En ce sens, il est permis de s’interroger à savoir dans quelle mesure l’arrivée d’Option nationale, la stabilité de Québec Solidaire et la remontée du Parti Québécois dans l’opinion publique peuvent-elles s’expliquer par l’ « effet Legault » ? Évoquer le fait que « Les Québécois forment une nation » (1) est une chose, mais cela ne constitue pas en soi une solution nationale. C’est là à mon avis ce que Legault devra réaliser sans quoi les partis souverainistes seront peut-être les premiers bénéficiaires de son instrumentalisation de l’idée de la nation.
Concluons par la culture.
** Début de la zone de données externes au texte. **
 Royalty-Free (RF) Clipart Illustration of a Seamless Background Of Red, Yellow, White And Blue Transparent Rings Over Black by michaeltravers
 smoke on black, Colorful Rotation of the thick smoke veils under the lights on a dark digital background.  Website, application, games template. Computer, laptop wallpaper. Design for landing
Legault affirme que les principaux défis sur le plan culturel de la nation québécoise sont de « stimuler la demande pour les produits, […] accentuer les efforts afin d’aider à l’exportation des produits […] et assurer un financement adéquat des grands événements touristiques à contenu culturel [5] ». Avec une telle conceptualisation des enjeux en matière de culture nationale, il est à se demander si les québécois peuvent aspirer à être autre chose qu’une ressource naturelle renouvelable et exportable contribuant à l’augmentation du PIB désormais synonyme de l’état de l’État…
Miguel B Longpré
Mars 2012

NOTES

[1Texte fondateur de la Coalition pour l’avenir du Québec en ligne : http://www.coalitionavenir.org/

[2Ibid. Texte fondateur de la Coalition pour l’avenir du Québec

[3La Coalition pour l’avenir du Québec sur http://www.radiocanada.ca/nouvelles/Politique/2011/06/27/001-coalition-avenir-quebec.shtml

[4Ibid. Texte fondateur de la Coalition pour l’avenir du Québec.